### Supplied entries ###

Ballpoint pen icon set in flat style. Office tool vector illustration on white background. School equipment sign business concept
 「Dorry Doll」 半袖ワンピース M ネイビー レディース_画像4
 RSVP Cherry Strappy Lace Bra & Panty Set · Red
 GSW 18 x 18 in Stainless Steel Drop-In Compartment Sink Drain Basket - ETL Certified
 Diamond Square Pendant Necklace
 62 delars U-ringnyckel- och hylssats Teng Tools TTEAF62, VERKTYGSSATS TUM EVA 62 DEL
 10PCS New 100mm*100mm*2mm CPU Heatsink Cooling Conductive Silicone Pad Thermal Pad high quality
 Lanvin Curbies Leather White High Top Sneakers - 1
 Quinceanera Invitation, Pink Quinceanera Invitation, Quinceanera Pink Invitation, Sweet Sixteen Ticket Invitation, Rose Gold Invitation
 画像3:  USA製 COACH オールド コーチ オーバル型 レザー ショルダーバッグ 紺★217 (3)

###

#### Exercise goal:
Set down each line from the line containing "Diamond Square Pendant Necklace" through the final line of the data, exactly and with nothing added.

#### Response to this exercise:
 Diamond Square Pendant Necklace
 62 delars U-ringnyckel- och hylssats Teng Tools TTEAF62, VERKTYGSSATS TUM EVA 62 DEL
 10PCS New 100mm*100mm*2mm CPU Heatsink Cooling Conductive Silicone Pad Thermal Pad high quality
 Lanvin Curbies Leather White High Top Sneakers - 1
 Quinceanera Invitation, Pink Quinceanera Invitation, Quinceanera Pink Invitation, Sweet Sixteen Ticket Invitation, Rose Gold Invitation
 画像3:  USA製 COACH オールド コーチ オーバル型 レザー ショルダーバッグ 紺★217 (3)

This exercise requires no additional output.